The situation in Iraq where 4.2 million Iraqis are either living as refugees in other countries or displaced within Iraq arose directly as a result of US invasion in 2003 – therefore it becomes a moral right of the US and allies to see that the people of Iraq are taken care of & the “non-committal UNO” to ensure that the expensive foreign trips made by their UN envoys are not subject to diplomatic niceties and no pressure exerted upon the larger western nations for their violation of human rights of innocent people.

Makeshift shacks

Afghanistan became the next target of the US and allies no sooner 9/11 occurred, before investigations even started or concluded Afghanistan was attacked and today thousands of Afghans live in fear or are homeless.
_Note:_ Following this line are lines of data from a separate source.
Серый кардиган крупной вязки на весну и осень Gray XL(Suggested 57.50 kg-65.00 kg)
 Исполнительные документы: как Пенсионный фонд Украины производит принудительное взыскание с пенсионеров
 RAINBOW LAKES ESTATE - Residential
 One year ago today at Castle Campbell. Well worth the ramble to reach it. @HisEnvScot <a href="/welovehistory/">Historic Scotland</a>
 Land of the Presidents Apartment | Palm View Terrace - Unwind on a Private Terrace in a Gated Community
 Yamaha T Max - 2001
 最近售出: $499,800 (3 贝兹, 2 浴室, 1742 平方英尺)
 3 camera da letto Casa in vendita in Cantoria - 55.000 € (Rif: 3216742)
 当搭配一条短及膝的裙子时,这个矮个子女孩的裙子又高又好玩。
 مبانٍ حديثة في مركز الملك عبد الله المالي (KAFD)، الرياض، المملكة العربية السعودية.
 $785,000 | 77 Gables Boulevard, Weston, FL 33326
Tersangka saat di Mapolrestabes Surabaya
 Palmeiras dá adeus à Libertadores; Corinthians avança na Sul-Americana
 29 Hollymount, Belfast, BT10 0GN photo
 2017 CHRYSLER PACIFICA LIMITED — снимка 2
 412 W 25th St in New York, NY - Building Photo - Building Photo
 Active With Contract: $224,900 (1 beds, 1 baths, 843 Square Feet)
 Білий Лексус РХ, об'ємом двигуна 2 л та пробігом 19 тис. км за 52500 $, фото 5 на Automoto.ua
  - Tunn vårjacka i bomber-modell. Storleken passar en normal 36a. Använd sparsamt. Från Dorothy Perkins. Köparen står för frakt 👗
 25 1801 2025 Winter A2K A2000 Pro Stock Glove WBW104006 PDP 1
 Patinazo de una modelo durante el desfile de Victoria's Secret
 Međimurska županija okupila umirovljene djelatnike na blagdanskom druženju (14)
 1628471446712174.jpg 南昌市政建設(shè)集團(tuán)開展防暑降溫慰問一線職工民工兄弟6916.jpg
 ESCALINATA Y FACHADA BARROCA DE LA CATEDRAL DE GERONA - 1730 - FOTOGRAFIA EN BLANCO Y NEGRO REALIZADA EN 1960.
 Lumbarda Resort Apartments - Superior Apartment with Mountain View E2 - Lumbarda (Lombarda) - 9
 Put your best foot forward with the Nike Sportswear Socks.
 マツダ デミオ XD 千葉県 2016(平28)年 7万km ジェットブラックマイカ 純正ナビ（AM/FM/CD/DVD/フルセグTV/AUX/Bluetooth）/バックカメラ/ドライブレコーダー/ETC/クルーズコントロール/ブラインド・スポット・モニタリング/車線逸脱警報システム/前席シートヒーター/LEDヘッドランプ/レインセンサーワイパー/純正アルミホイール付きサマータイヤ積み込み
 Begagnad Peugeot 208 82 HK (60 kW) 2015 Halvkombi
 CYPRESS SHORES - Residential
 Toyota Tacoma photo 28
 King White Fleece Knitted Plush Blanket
*At least 235,000 people are living in formal IDP camps since 2002 *while large numbers live in makeshift shacks, mud huts with almost no sanitary, water or toilet facilities. A makeshift mud hut in the outskirts of Kabul has over 4500 IDPs who had abandoned their homes due to aerial strikes.

All of Afghan IDPs have to suffer the severe cold and there have been unconfirmed reports of some IDPs even selling their children to survive & feed the rest of their children. We can recall the 2004 tsunami in Sri Lanka wherein amongst the kind hearted there were many who “stole” children to be used as domestics and it was taking to consideration this live example that the Government decided to have a stricter screening process for the IDPs in the camps in the North.

* It is to be noted that since 2002 with a figure of 235,000 IDPs the Afghan Govt and the UNHCR has still not confirmed the accurate date on the IDPs or profiled each completely.*

Therefore, Sri Lanka deserves more praise than it is currently getting.

Media has gone overboard with false accusations some even implying that the people are being kept in “concentration camps” these accusers should then explain why the Government would spend SLR9m per month for the people’s welfare, provide healthcare and medical equipment and other mobile services which even facilitated issuing of National Identity Cards (in collaboration with UNDP), provide artificial limbs, hold GCE O/L and A/L examinations and even provide additional teaching to train them ahead of the exams, even provide vocational training to enable them to start a means of livelihood once they leave the camps, provide wheelchairs, crutches, white canes and Braille slates as well as housing hundreds of elders into elders homes as no relatives have thus far come forward to undertake to care for them.

Why would the Government also arrange with the Bank of Ceylon to establish five banking units inside the welfare camps where 5000 IDPs had been able to deposit Rs. 100m in just two months and 21,000 had even opened new accounts? But, amidst these numbers there are large numbers who belong to the Mahavir families of LTTE fighters & it must be posing a task to have them accept that the LTTE killer force that provided them a better means of living amongst their own is now no more and the screening of these people is lengthy and time consuming.

UN agencies themselves will vouch for the difficulty in processing people in the Balkans and Afghanistan and that exercise is still not complete.

We all agree that life in a camp is not and would never be as comfortable as living in one’s home – nevertheless we must remember that these people did not jump from the frying pan into the fire – it is actually the other way round. Would it have suited them to continue to live as “human shields” of the LTTE? If the Government a year after the LTTE defeat continues to keep these people in these camps then there is all the reason to question why – but as of present when over 40,000 have been resettled within just three months of eliminating a terror outfit that reigned for almost 3 decades a little breather must be given and Sri Lanka deserves not to be chided in this manner when the West has yet to show a victory in terrorism despite having two key weapons at their disposal – the sophisticated machinery and the skills in negotiating settlements.